Things didn’t end well for Mussolini or Italy. Driven by his own grandiose schemes, he entered into military alliance with Nazi Germany in 1939, embarked on ill-fated campaigns of conquest in North Africa and the Balkans, was deposed in 1943 after the Allies invaded and occupied his country, and was shot to death by partisans in 1945. His corpse was suspended upside down in a public square in Milan, where enraged crowds were permitted to defile it.

Would Donald Trump, if elected president, demonstrate the kind of dignified, restrained and judicious behavior we’ve come to expect of the leader of the world’s most prominent democracy or would he act like a Mussolini? I’d anticipate more “Il Duce” than “Mr. President.”
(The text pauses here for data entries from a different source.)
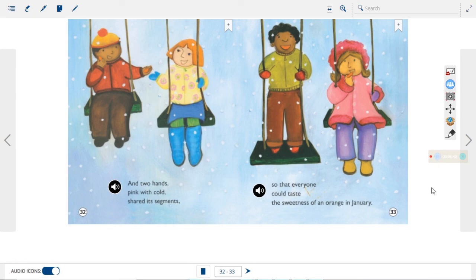Thank you for reading this story with me today, boys and girls. We'll talk about it more tomorrow. Have a great day!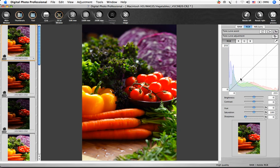This RGB button allows you to adjust your red, green, and blue curves together. Each channel can be adjusted independently with the R, G, or B buttons.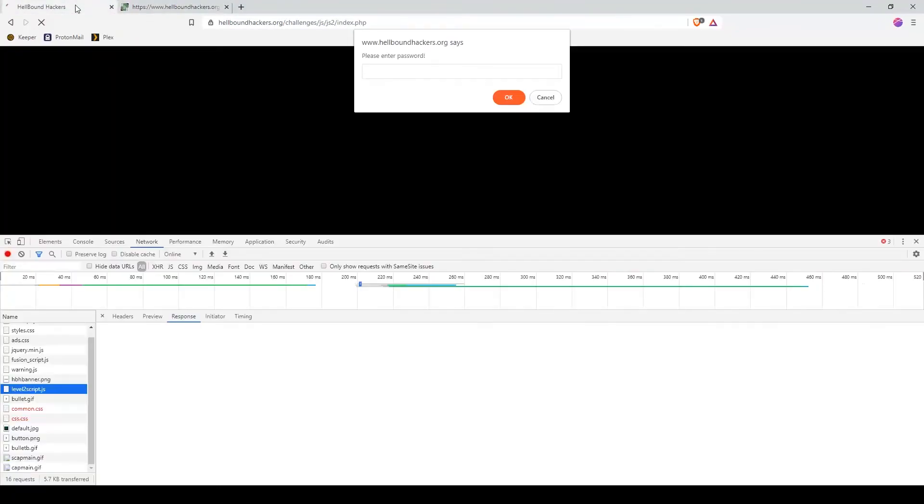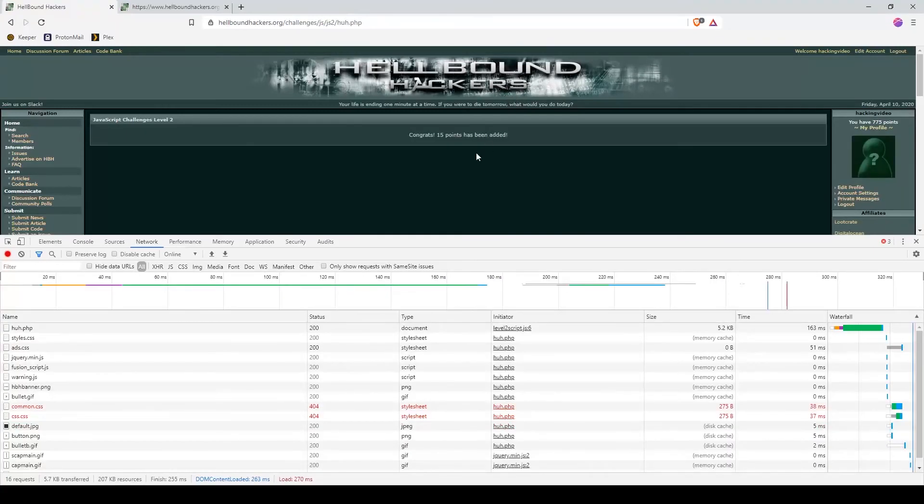Let's go back to the original page and paste 'level 2 done'. And congratulations!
The real question about a President Trump presidency is whether our political system would be strong and resilient enough to restrain his worst impulses.

We have a robust constitutional system, one with checks and balances against the abuse of power by the chief executive. However, the system’s ability to push back against a repressive president assumes that its citizenry is prepared to remain faithful to both the letter and spirit of democracy’s rules. The Milgram experiment calls that into question.

In 1963, Yale University psychologist Stanley Milgram published an article on his experimental research on the capacity of ordinary people to resist social pressure to inflict pain on others. Using volunteers, Milgram divided his research subjects into two groups, “teachers” and “learners,” with members of each group placed in separate adjacent rooms where they could communicate with but not see one another.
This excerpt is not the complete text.